Later in January 2019, the Pakistan Tehreek-e-Insaf (PTI) government, which came to power in August 2018 - eased the condition, permitting non-filers of tax returns to buy up to 1,300cc new cars in the second mini-budget.

The Finance Supplementary (Second Amendment) Bill 2019, which was endorsed by the National Assembly on Wednesday, completely withdrew the restriction, allowing non-filers to buy new vehicles of any engine capacity. However, the relief is only applicable to locally manufactured vehicles.

After the announcement of the relief, share prices of the three Japanese carmakers hit their upper limits of 5% at the Pakistan Stock Exchange on Thursday.

“Stocks of Honda Atlas Cars, Indus Motor and Pak Suzuki Motor Company closed at their respective upper caps as investors reacted positively to the removal of law barring non-filers from purchasing new motor vehicles,” Topline Securities said in its report.

“We believe this latest amendment will be positive for the auto sector. However, this step, we believe, will counter government’s continued efforts to bring more people in the tax net,” it said.

Approximately 25% of auto sales in Pakistan were in the 1,300cc or above category, it estimated.


The new development would particularly be positive for Honda Atlas Cars followed by Indus Motor and Pak Suzuki Motor Company, it said.

“Honda Atlas Cars sells all of its vehicles in categories above 1,300cc engine capacity while Indus Motor and Pak Suzuki sell approximately 50% and 3% respectively in 1,300cc and above engine categories,” it said.

FED to impact negatively

Moreover, in January, while presenting the economic reforms package, a 10% federal excise duty (FED) was imposed on 1,800cc and above engine capacity cars, which was almost neutral for the sector as approximately 4% of its sales were in 1,800cc or above engine capacity categories.

“However, now the 10% FED has been imposed on cars of 1,700cc and above engine capacities, which will be negative for the sector,” it said.

“This additional measure will have the most impact on Honda, which sells almost 45% of its cars, ie Civic, in the 1,700cc and above categories. However, the increase in prices of Civic will result in likely sales push for the company’s City, which comes in 1,300cc and 1,500cc capacities.
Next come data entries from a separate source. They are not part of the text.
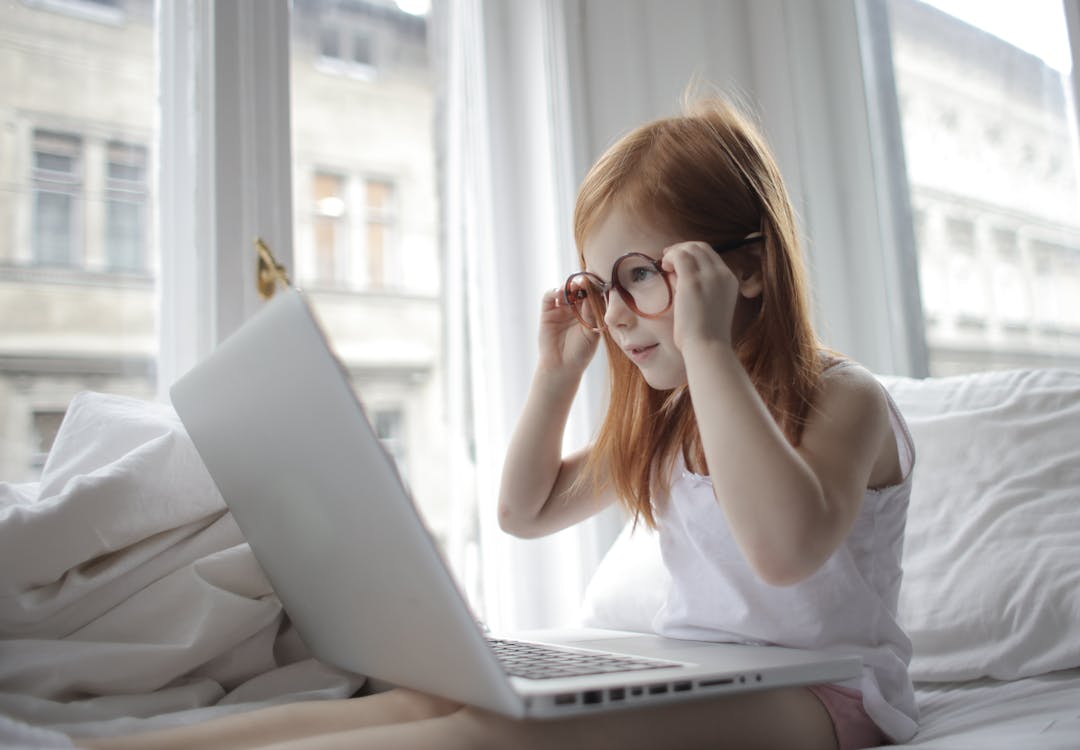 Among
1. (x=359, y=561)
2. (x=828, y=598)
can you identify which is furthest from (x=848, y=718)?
(x=359, y=561)

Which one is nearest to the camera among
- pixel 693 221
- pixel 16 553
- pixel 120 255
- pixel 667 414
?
pixel 16 553

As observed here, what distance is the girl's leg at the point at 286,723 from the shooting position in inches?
28.3

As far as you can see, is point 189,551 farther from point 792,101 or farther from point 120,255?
point 792,101

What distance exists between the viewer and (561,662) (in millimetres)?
774

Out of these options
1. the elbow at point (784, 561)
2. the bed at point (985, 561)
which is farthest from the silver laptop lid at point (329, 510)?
the bed at point (985, 561)

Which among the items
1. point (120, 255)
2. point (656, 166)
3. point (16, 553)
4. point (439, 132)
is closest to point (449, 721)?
point (16, 553)

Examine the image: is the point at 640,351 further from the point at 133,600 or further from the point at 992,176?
the point at 992,176

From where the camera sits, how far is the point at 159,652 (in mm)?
898

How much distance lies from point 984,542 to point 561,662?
667 millimetres

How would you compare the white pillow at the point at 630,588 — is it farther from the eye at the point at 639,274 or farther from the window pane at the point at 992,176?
the window pane at the point at 992,176

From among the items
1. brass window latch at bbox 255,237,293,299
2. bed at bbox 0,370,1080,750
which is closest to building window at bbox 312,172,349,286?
brass window latch at bbox 255,237,293,299

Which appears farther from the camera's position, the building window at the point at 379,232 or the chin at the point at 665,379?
the building window at the point at 379,232

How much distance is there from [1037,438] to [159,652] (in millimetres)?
1066

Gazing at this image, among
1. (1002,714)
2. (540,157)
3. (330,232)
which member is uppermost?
(540,157) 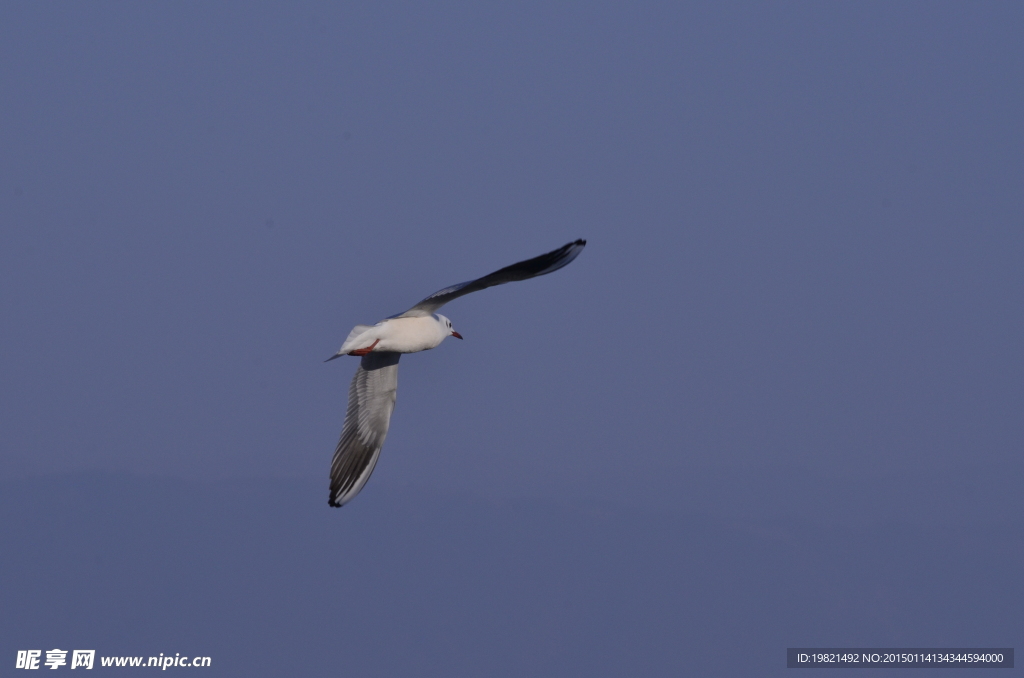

Also, the introduction of a lower engine capacity Civic cannot be ruled out.”

According to Topline Securities, around 24% of Indus Motor sales are in 1,700cc and above categories, which will be affected. However, Indus already has a 1,600cc variant for its top-of-the-line Toyota model, which it is expected to market aggressively.

“We believe that these additional amendments will be net negative for Honda and will be positive for Indus and Pak Suzuki Motor,” the brokerage house said.

Published in The Express Tribune, March 8th, 2019.